» **Data excerpt**
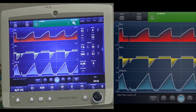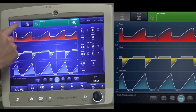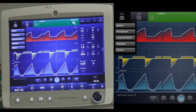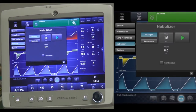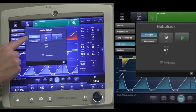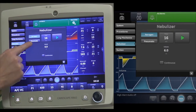To use the nebulizer function, touch the top left-hand corner of the touchscreen display. Select the nebulizer tab — this opens up the nebulizer menu. You have a choice between an Aerogen or Pneumatic nebulizer.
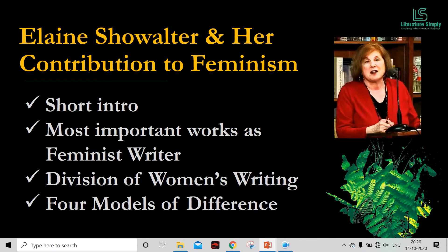This video is dedicated to one of the prominent and dominant contemporary feminist theorists, Elaine Showalter. We will explore Elaine Showalter and her contribution to feminist critical theory. Here, let's understand Elaine Showalter and her contribution through some points. Here you can see Elaine Showalter and her contribution to feminism.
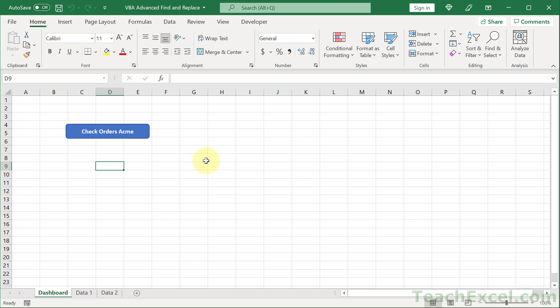Welcome to this tutorial. Here I'm going to show you a nice, neat, simple way to use VBA to perform an advanced find, replace, and update procedure.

» **Your instructions**
Reproduce word for word the lines running from the line with "This video is" through the end of the data, both included, and nothing else; leave out the pictures.

» **Exercise response**
This video is dedicated to one of the prominent and dominant contemporary feminist theorists, Elaine Showalter. We will explore Elaine Showalter and her contribution to feminist critical theory. Here, let's understand Elaine Showalter and her contribution through some points. Here you can see Elaine Showalter and her contribution to feminism.
Welcome to this tutorial. Here I'm going to show you a nice, neat, simple way to use VBA to perform an advanced find, replace, and update procedure.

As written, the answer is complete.